Avant d'atteindre le refuge de Susan, Halima a fait sept heures de route. Hélas, durant le voyage en van, elle a commencé à mettre bas. Le chauffeur l'a installé au bord de la route et a contacté le refuge. À distance, une experte l'a heureusement aidé à chaque étape.
Une pouliche est née et le chauffeur l'a baptisée Marjanna, "diamant" en arabe. Vingt-quatre heures après le départ de Meknès, les deux ponettes sont arrivées au refuge en bonne santé. Elles sont sauvées.

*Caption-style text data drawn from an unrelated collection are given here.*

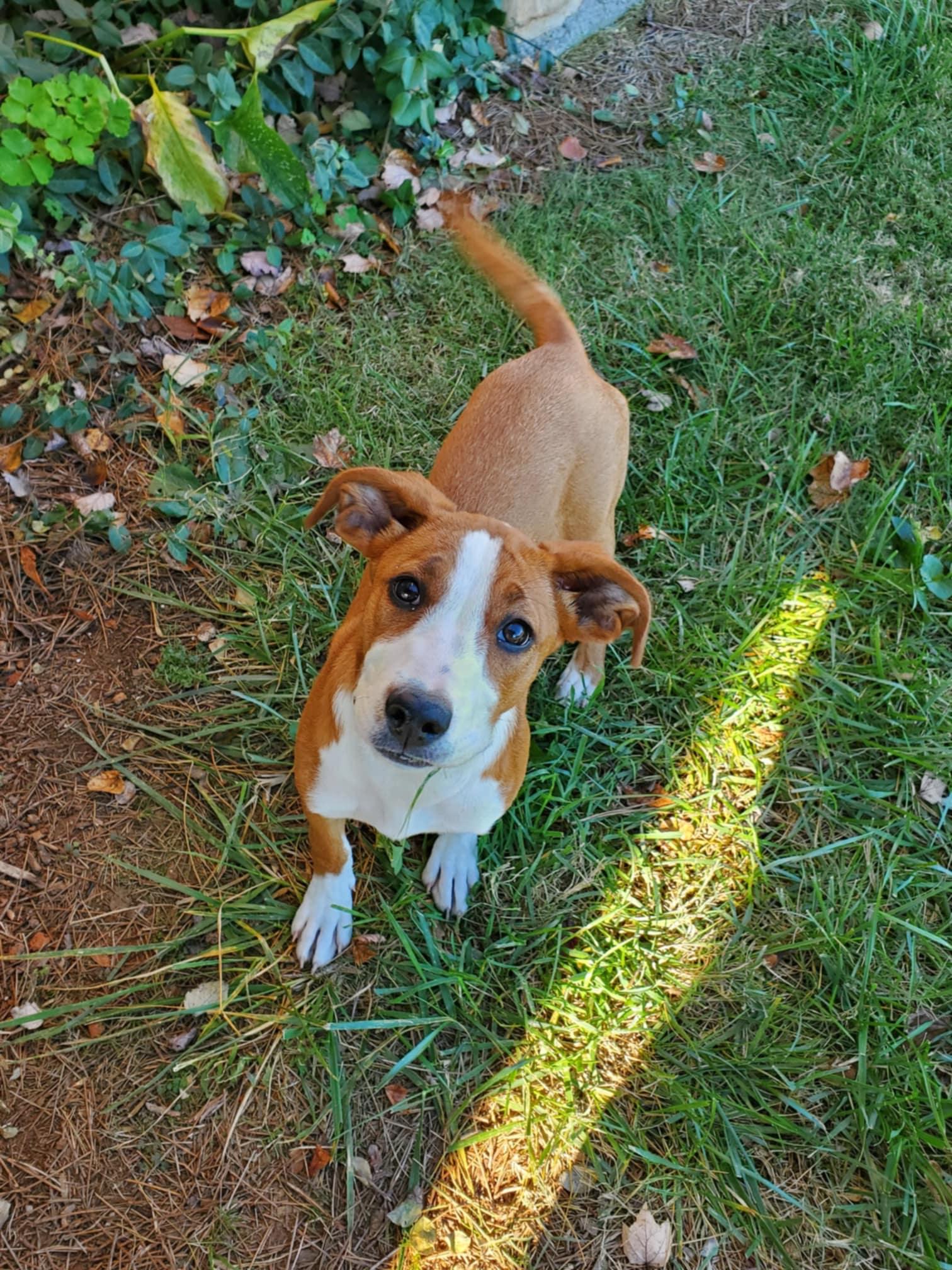 Callie, Adoptable, Adult Female Hound.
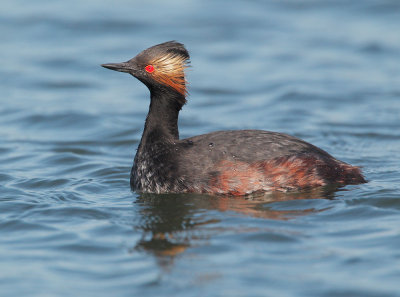 Eared Grebe, breeding plumage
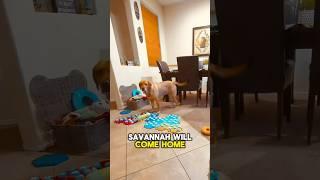 TALKING DOG misses her human SISTER.  #shorts #dogshorts #talkingdog #smartdog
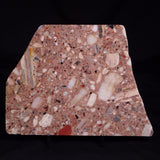 CONGLOMERATE, Australia YSC127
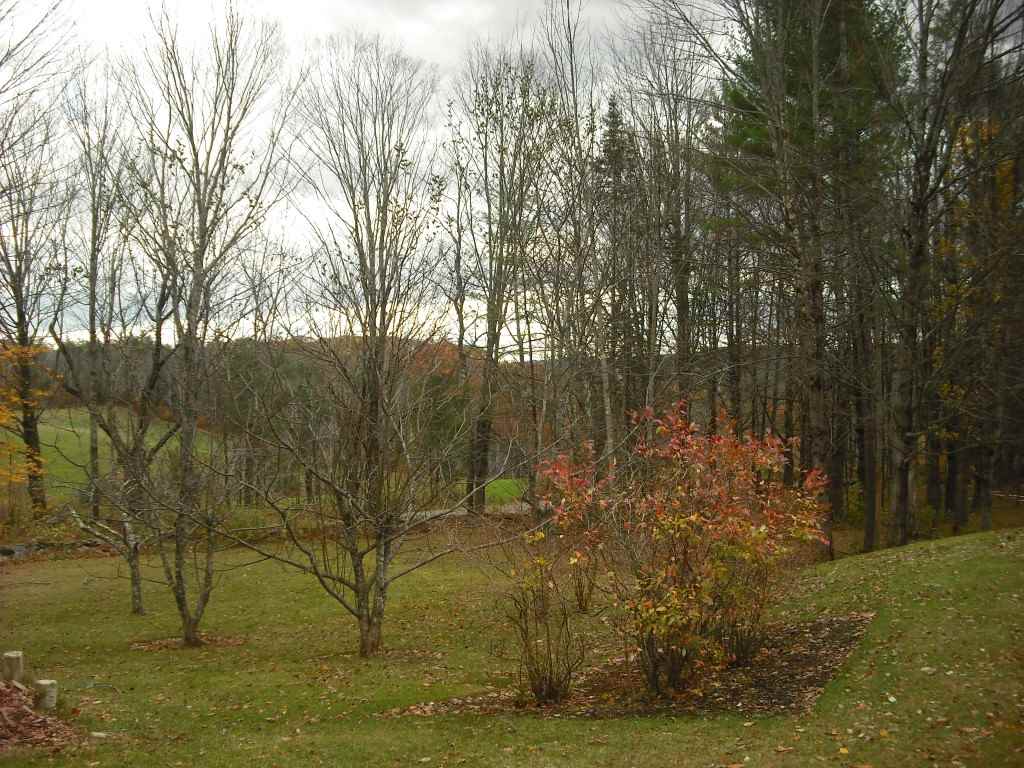 44 Egerton Road Langdon, NH 03602 - Photo 30 of 36 Gallery Image 30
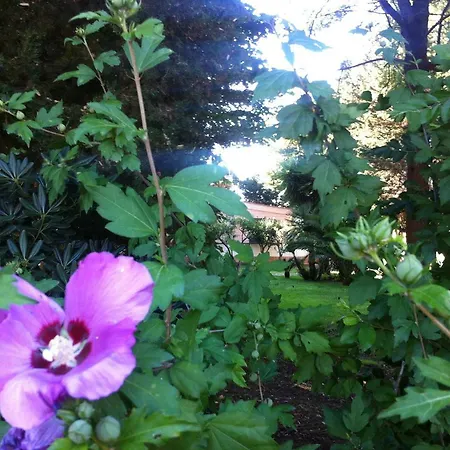 Dimora Il Tiglio- Mini * Lecce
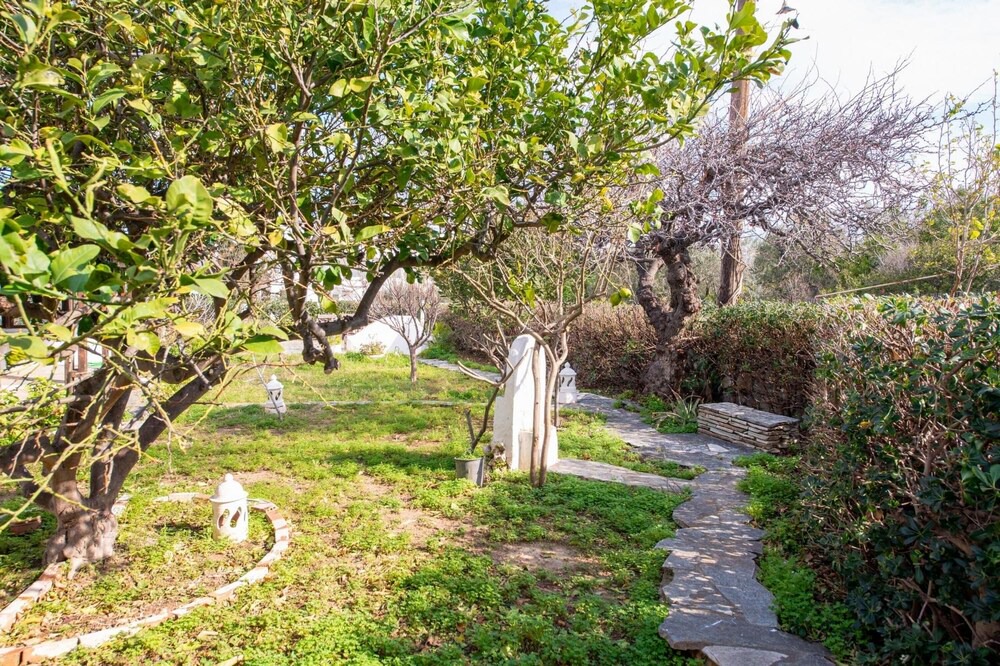 Photo of Outdoor in Vathianos Kampos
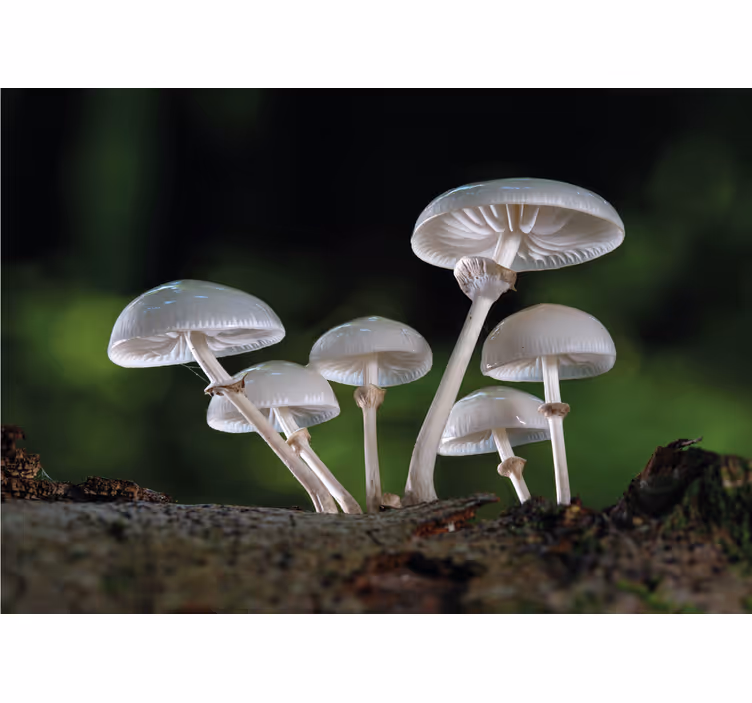 Fotomural naturaleza crecimiento de hongos en grupo - TenVinilo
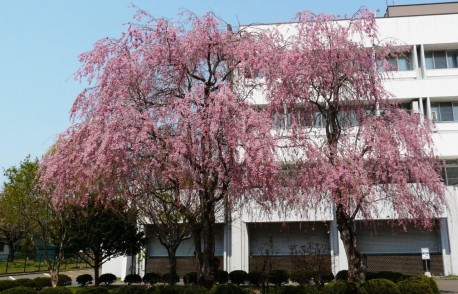 見事！情報基盤センター前の桜です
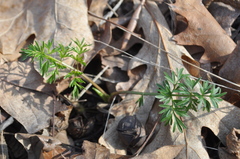 Perideridia americana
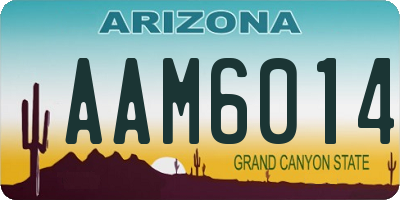 AZ license plate AAM6014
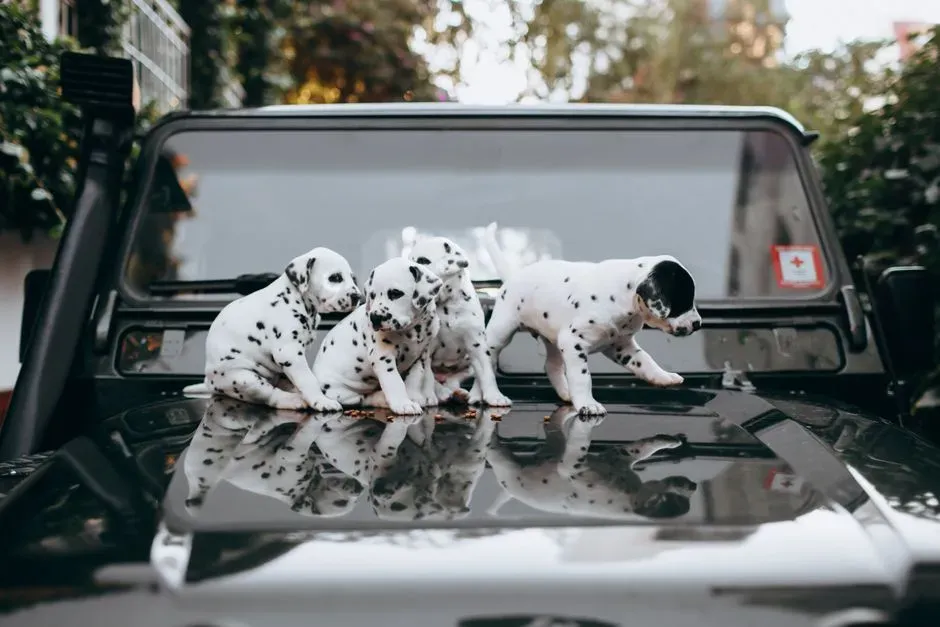 5. “Refusing” to Get Into the Car (Image Credits: Pexels)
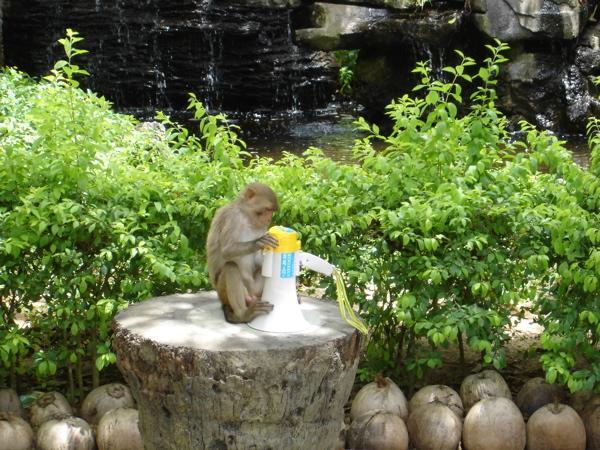 Curious monkey, Hainan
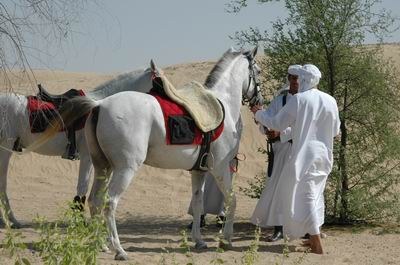 Vendetta In Dubai Preparing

Ce que cette histoire nous enseigne
Racheter un animal maltraité est une bonne action mais elle n'arrête hélas pas ce type d'engrenage. L'ancien propriétaire a reçu de l'argent et une aide pour trouver une autre activité. Or, s’il décide d'acheter une nouvelle ponette plus rentable, personne ne pourra l'en empêcher.
Susan Machin en est plus que jamais consciente. Depuis une décennie, elle fait un travail admirable. Elle collabore avec le gouvernement marocain pour renforcer la protection animale et contrer des exemples flagrants de maltraitance. Or, le changement doit venir aussi de l'intérieur, par des lois, des contrôles et une évolution des mentalités.
Du côté des anonymes, refuser de s'afficher avec des animaux utilisés comme accessoires ou tirer la sonnette d'alarme demeure essentiel. Enfin, en soutenant l'action des refuges locaux, plusieurs Halima pourront enfin aspirer à une existence plus sereine.